Long/short: Contest entries must not have more than 10% net dollar
exposure. This means that the long and short arms of a Contest entry
can not be more than 10% different (measured as 10% of the total
capital base). For example, if the entry has 100% of its capital
invested, neither the sum value of the long investments nor the sum
value of the short investments may exceed 55% of the total capital.
This is measured at the end of each trading day. Entries may exceed
this limit and have up to a 20% net dollar exposure on up to 2% of
trading days in the backtest used to check criteria

.

Hello Joakim the way I am understanding the rules is that the 10% difference is measured on end of day holdings. Since my strategy is mainly intraday I might be able to get away with long only, you never know. In any event, it will give me satisfaction just to see the strategy being consistent - participating in the contest will be for fun and to claim bragging rights over a beer. Will be in touch - have a nice evening Savio PS I looked at short ETFs sometime back - 1x, 2x and 3x - their tracking error at the time did not make them suitable for my strategy - I understand they were synthetic shorts - I have not revisited them recently.

Fair enough Savio, and good luck! You may find that you're hitting the Turnover constraint then if you're doing mostly intraday trading, especially since you do need to close roughly half of your longs and open up short positions instead before the close. I think you'll find it difficult to meet all constraints but wish you best of luck. I'd be interested in hearing how you go.

Savio, I'll echo what's already been mentioned in this thread. Quantopian is seeking to make allocations to algorithms that have a particular risk profile, as outlined here. The contest is structured to make it easier to know if you're on the right path. Doing well in the contest is a step in the right direction.

Thank you Alisa - working on it feverishly now that Joakim has thrown down the gauntlet.

Savio -

I'd also recommend structuring your algo so that you can play around with multiple factors, and combine them. This can help smooth out returns. No time now, but if you are interested in an example, I can post one.
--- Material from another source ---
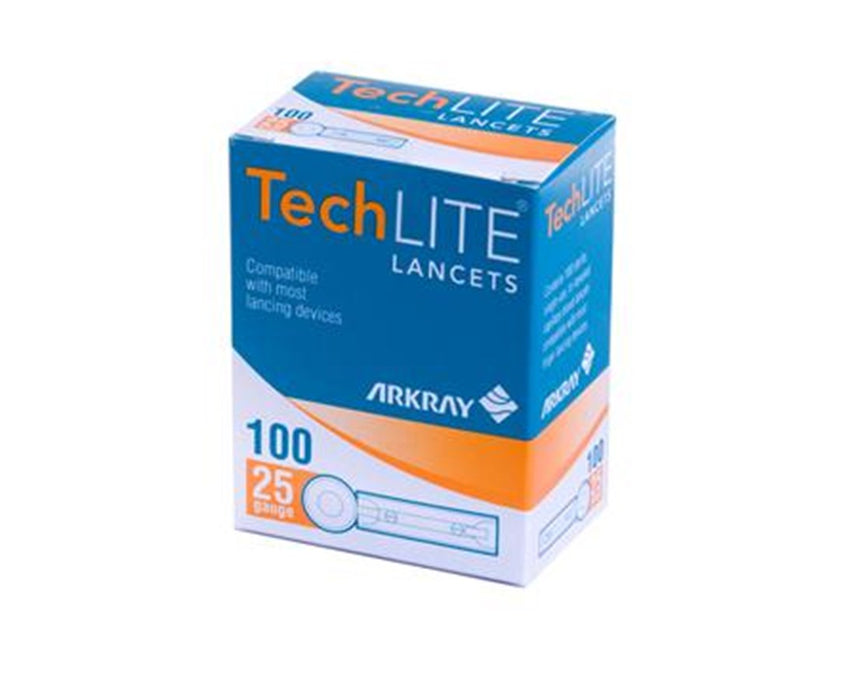 TechLite Lancets, 25G (100/box)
Thank you Grant - that is very kind of you. My current strategy is based on straight portfolio optimization although I have a pre-optimization filter. I have spent some time on flattening out the efficient frontier. I do not use Black Litterman, just plain old vanilla historical data without any of my own subjective bias. I put this together based on material I was studying for the CFA program. In theory it should work. Will let you know how I fare. Thanks very much again for your help and wish you a pleasant weekend - it is going to be a scorcher here.